I had hoped to reach a serene and satisfied old age without feeling that I had to formulate an opinion about Lady Gaga, but now even that solace for my declining years has been denied me. However, I am very glad I have now, for having done some research into her life story, I have uncovered a much richer biography than you might have suspected from the bare bones of her Wikipedia entry.
This claims that she was born in the United States, in 1986, under the name Stefani Joanne Angelina Germanotta, but this is actually a cleverly concocted cover story which today's young people, who have got out of the habit of reading their Debrett's, have fallen for, hook, line and sinker. The great thing about Lady Gaga, I have discovered, is that what is going on here is an elaborate and vastly audacious double-bluff. Unless my copy of Debrett's is lying, or inaccurate, she actually is a Lady, and not only is she English, she also still has full voting rights in the House of Lords.

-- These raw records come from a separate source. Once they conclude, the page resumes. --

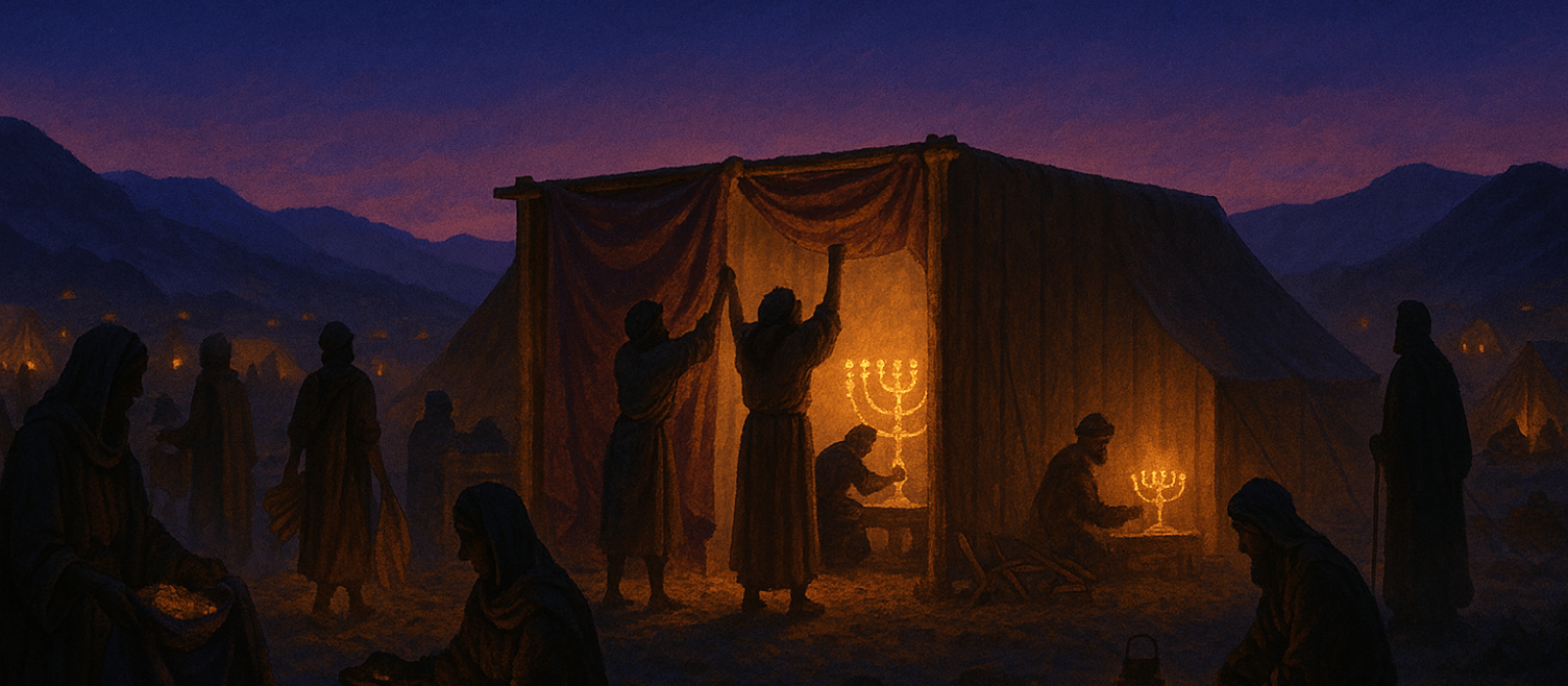 Vayak’hel—Israel gathers at dusk to bring gifts and build the Mishkan in the Sinai wilderness.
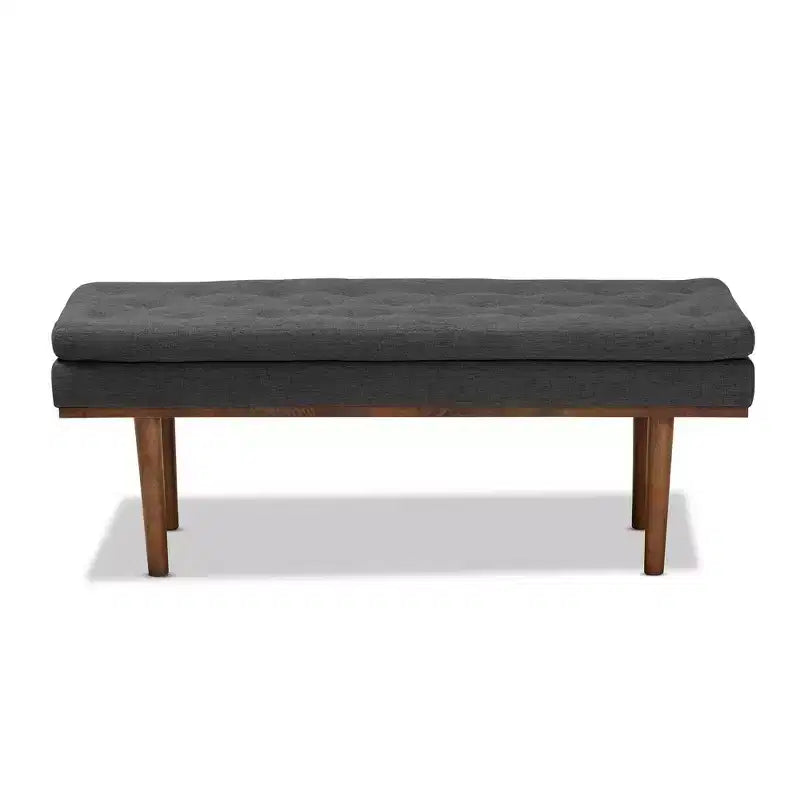Walnut Finished Upholstered Bench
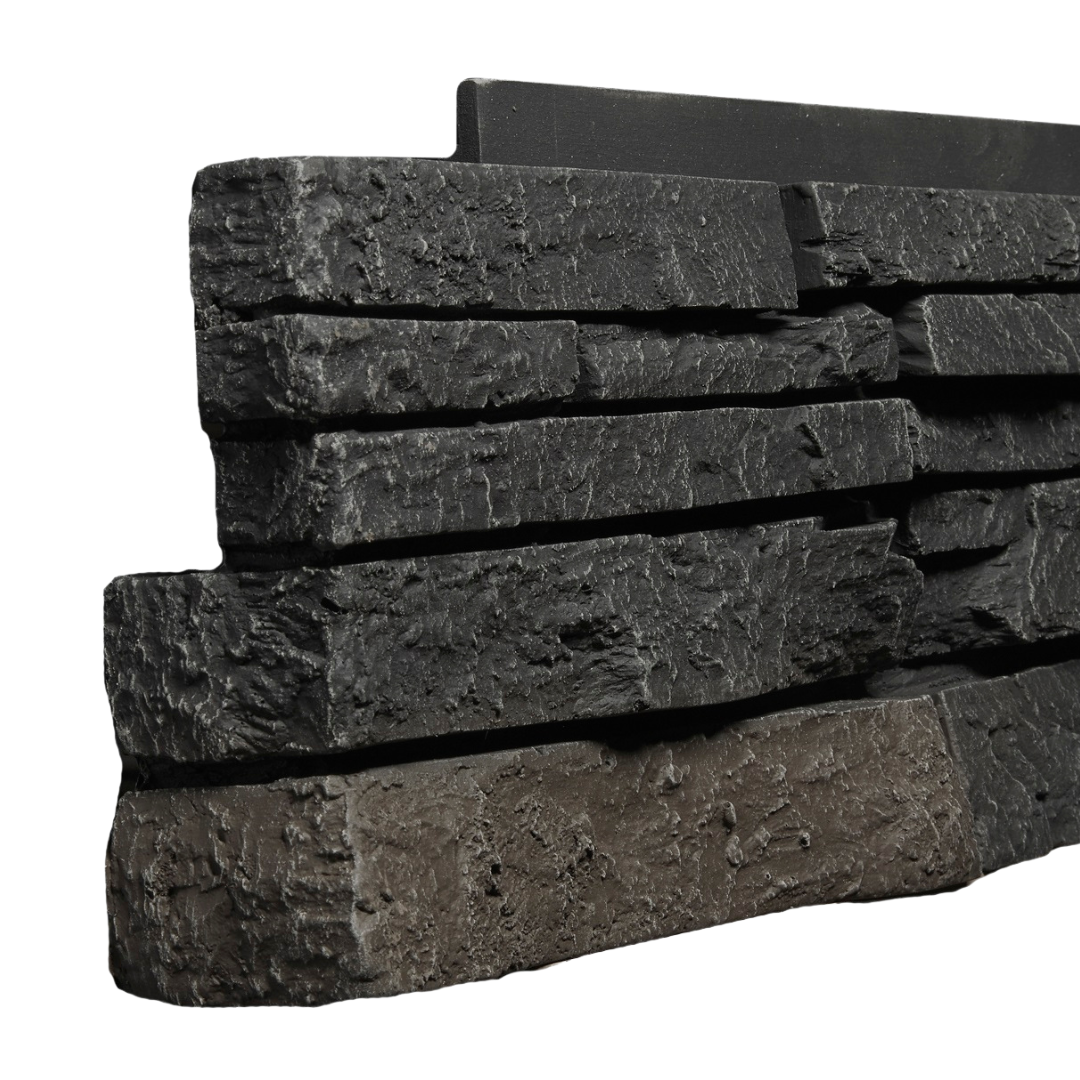 Corner Stone 「VERY」 STACKED STONE Corner Panel – Black Blend — Quality Stone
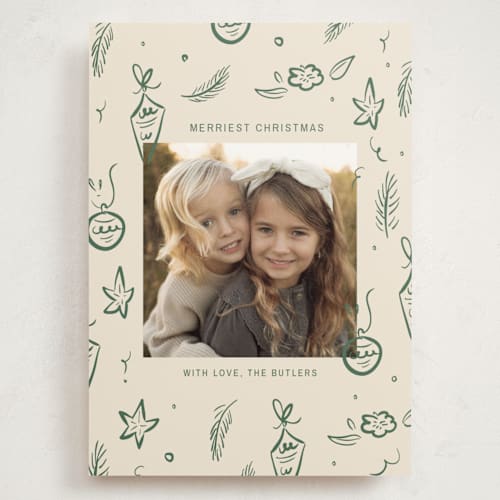 This is a pine holiday photo cards with standard by Ani Somi called happy little holidays printing on signature in grand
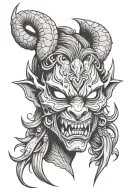 snarling oni mask slashed. traditional female face in the center. small nose. squinting eyes.  tattoo design idea
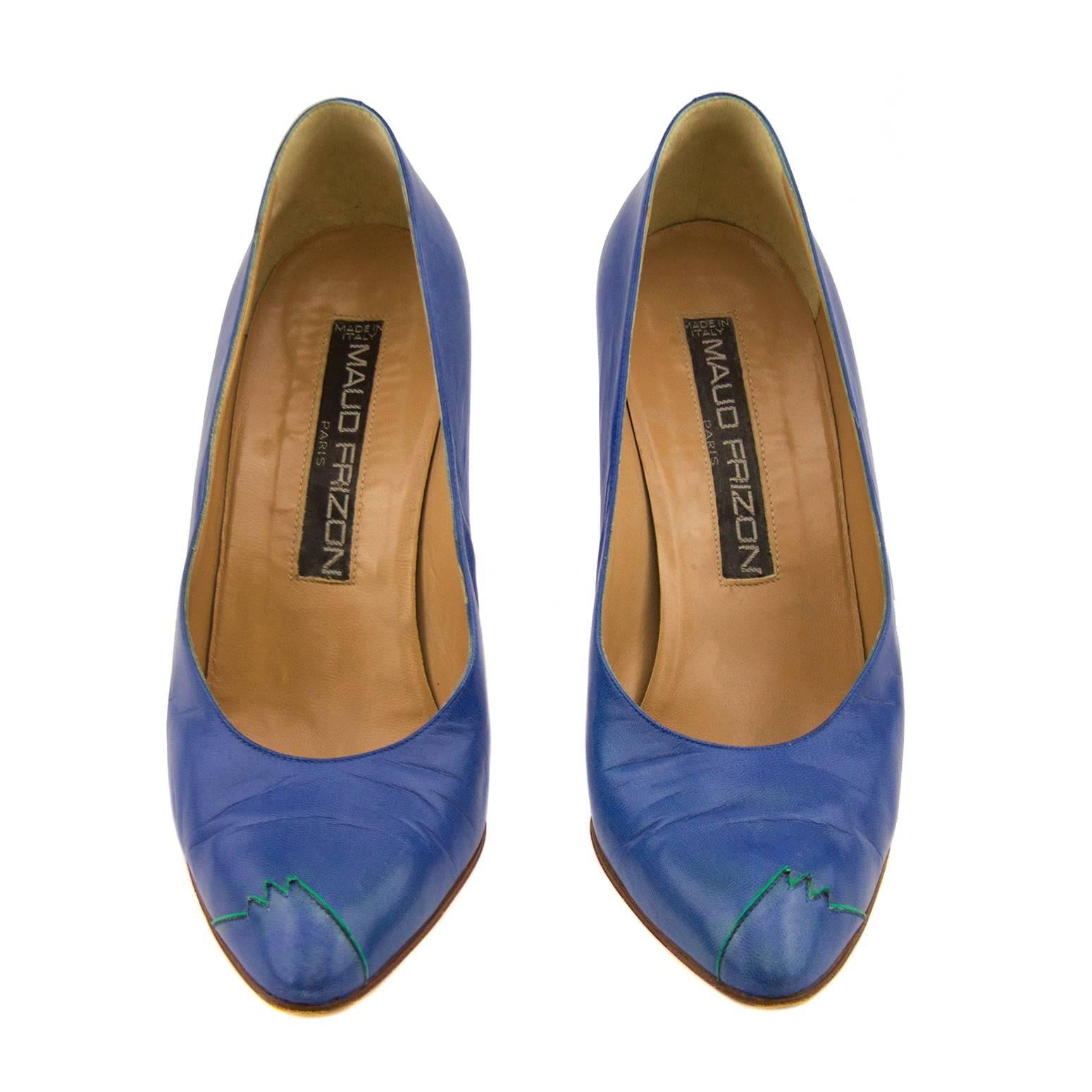 Gray 1980s Maude Frizon Blue Leather Pumps For Sale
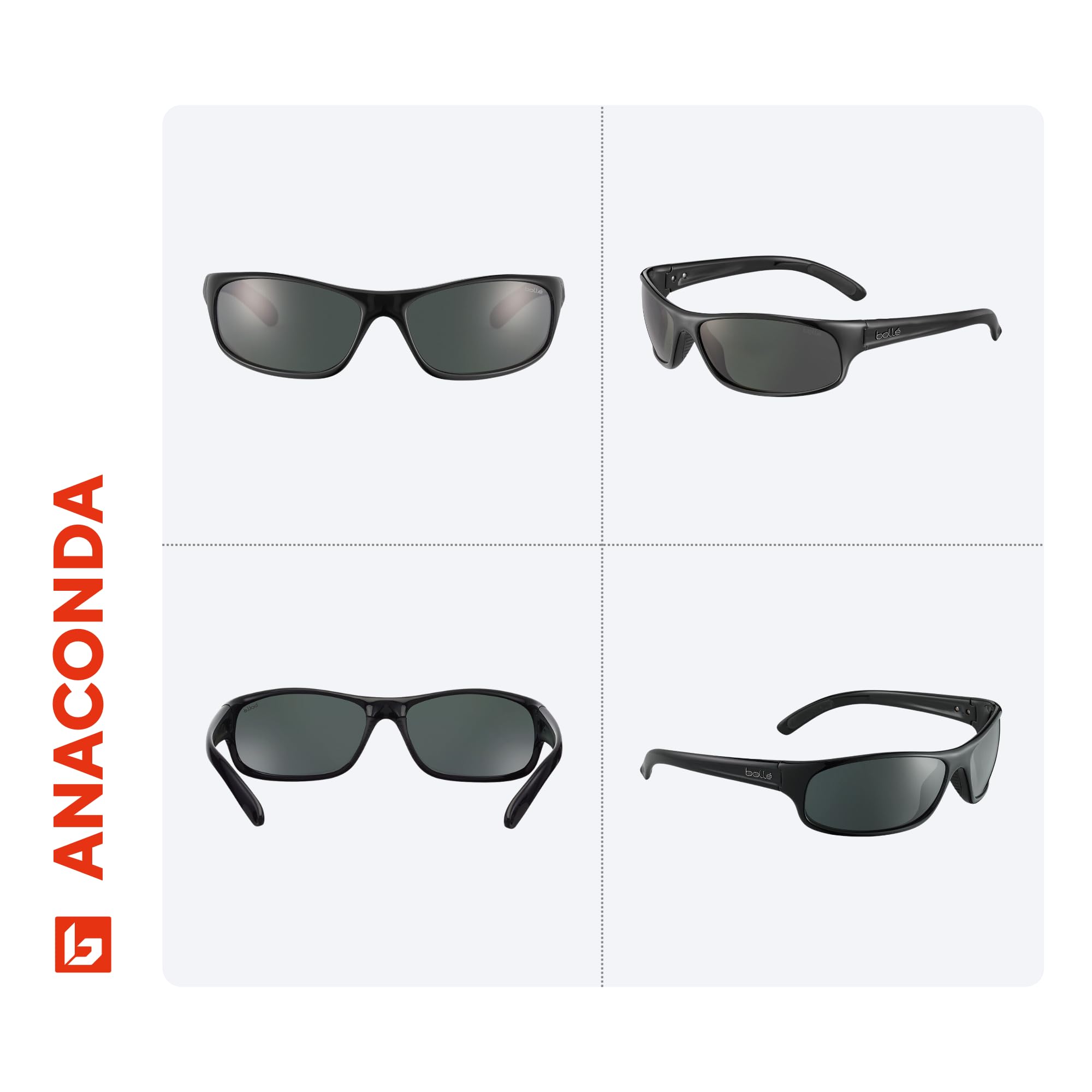 Bollé Anaconda 64MM Wrap Around Polarized Sunglasses for Men - UV Protection, Lightweight & Durable - Includes Free iWear Designer Eyewear Kit - Perfect for Driving, Running, and Outdoor Sports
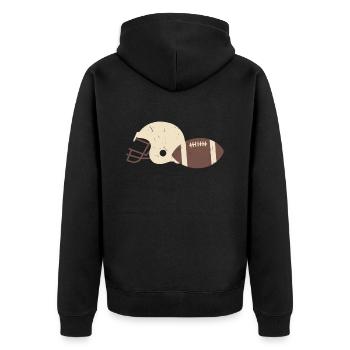 Fußball Kopfbedeckung Fußball Ballbedeckung - Unisex Premium Bio Zip Hoodie - Schwarz - Hinten - Nico (187cm)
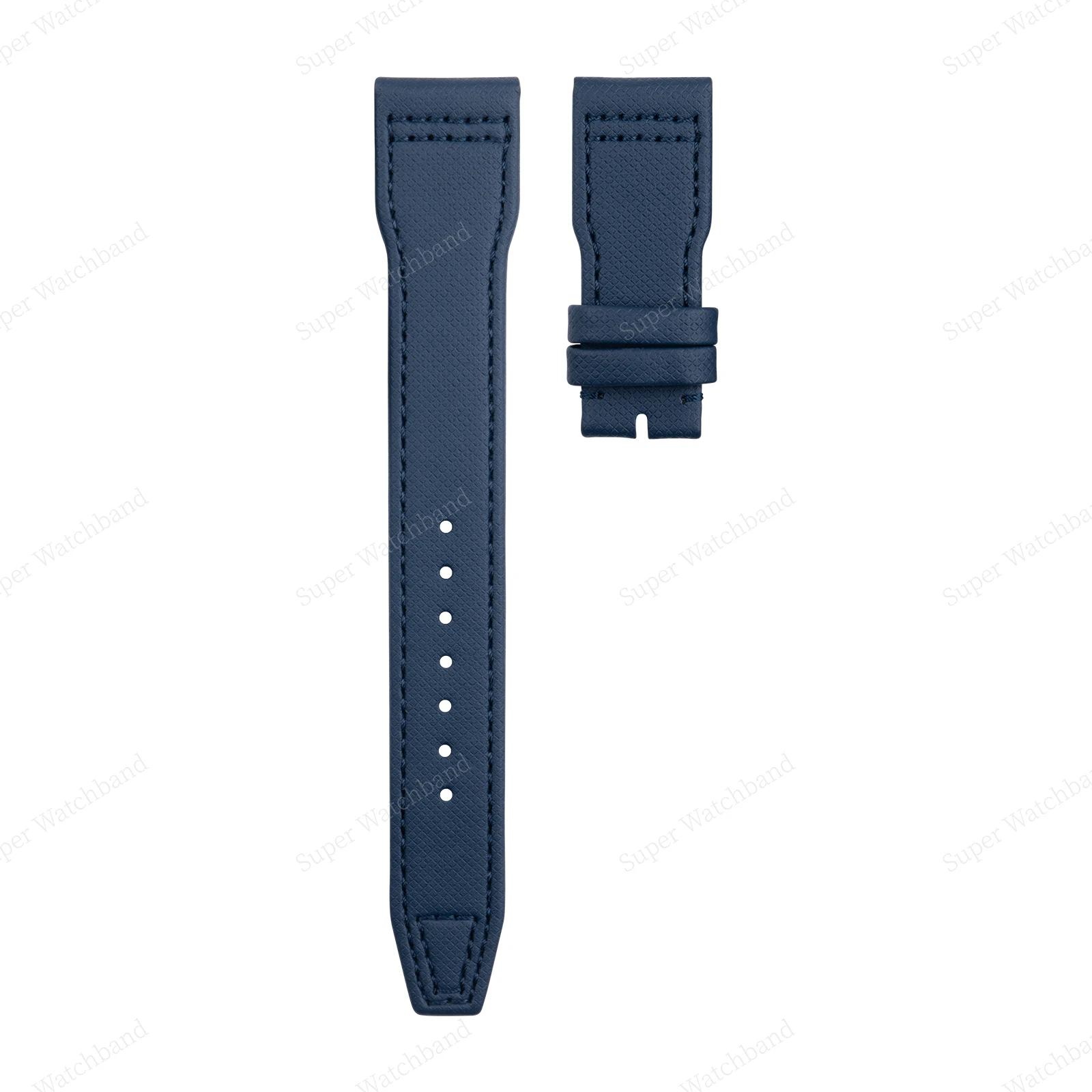 

21mm 22mm Calfskin Leather Nylon Pattern Watch Band For IWC Strap BIG Pilot SPITFIRE TOP GUN IW3890 IW3880 Black Blue Watchband Without Buckle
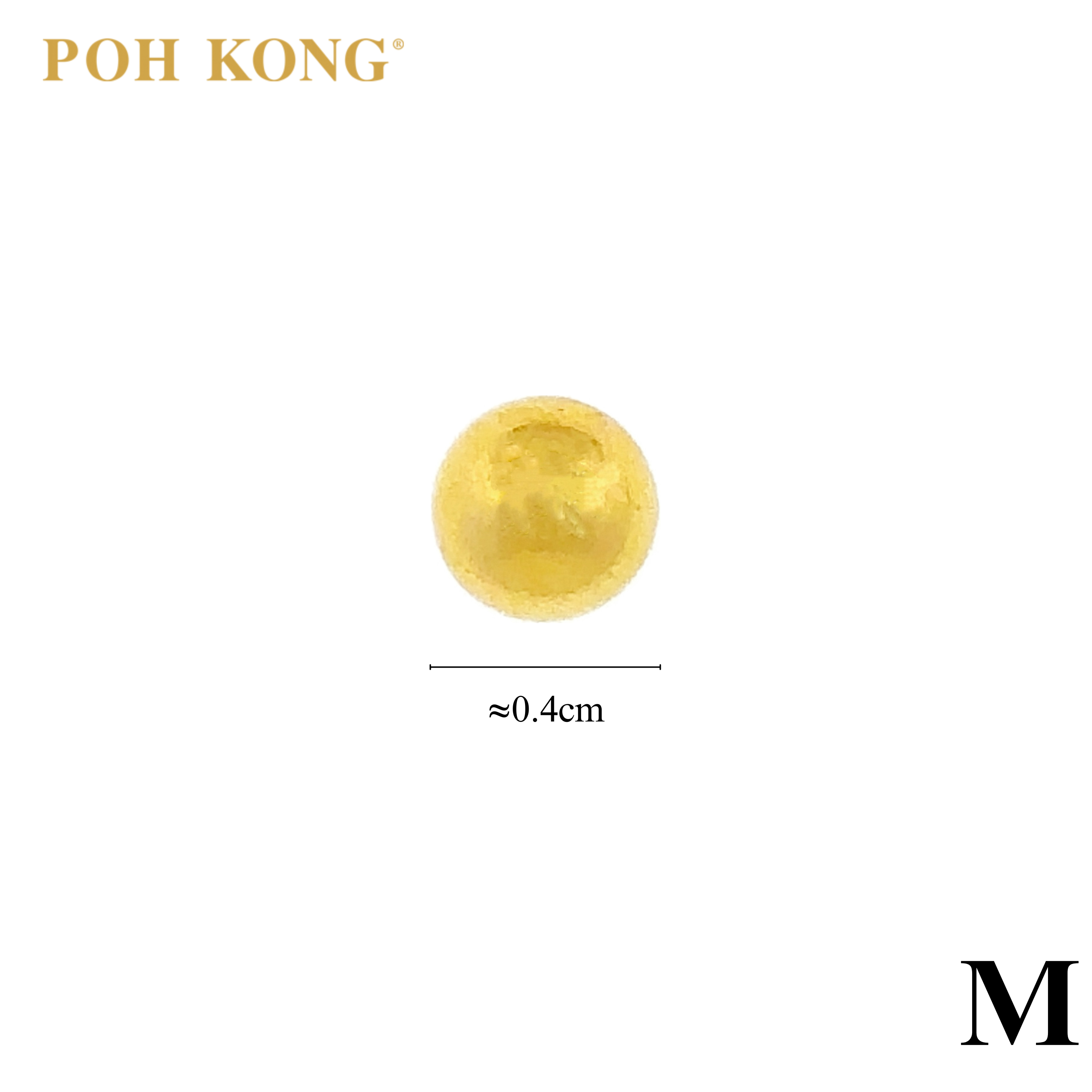POH KONG 916/22K Yellow Gold Classic Round Shape Earrings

One of the Shropshire Gagas, she inherited the title in 1960 and has used all the benefits of her privileged place in society to good effect; a tireless campaigner for the rural poor, a committed anti-vivisectionist, and, up until about two years ago, an increasingly vocal opponent of the Iraq war.
The pivotal event in her life, though, was in 2008, when she was kicked in the head by a horse, forgot everything about herself except her name, title, and dress sense, and ran off to New York to become a performance artist and singer, building her career on the initial support of that city's vibrant gay subculture.
Ah, if only. But no, she is simply the latest attention-seeker to have had a good, hard look at Madonna's career and thought, "I can do that." And indeed she is no fool – is, in fact, by the standards of the industry, unusually thoughtful and well-read.
So she can be said to have fulfilled her ambitions, to the extent that she can release an album complaining about her fame despite having done as much hard graft as possible in order to achieve it.
But I am beginning to wonder whether enough is enough. She has now entered the consciousness of every single person on the planet. Eleven million people had seen her video when I started writing this article. An hour later, 12 million people have seen it. OK, she's talented and all that, but can we have a break? Perhaps we really could shunt her off to the House of Lords.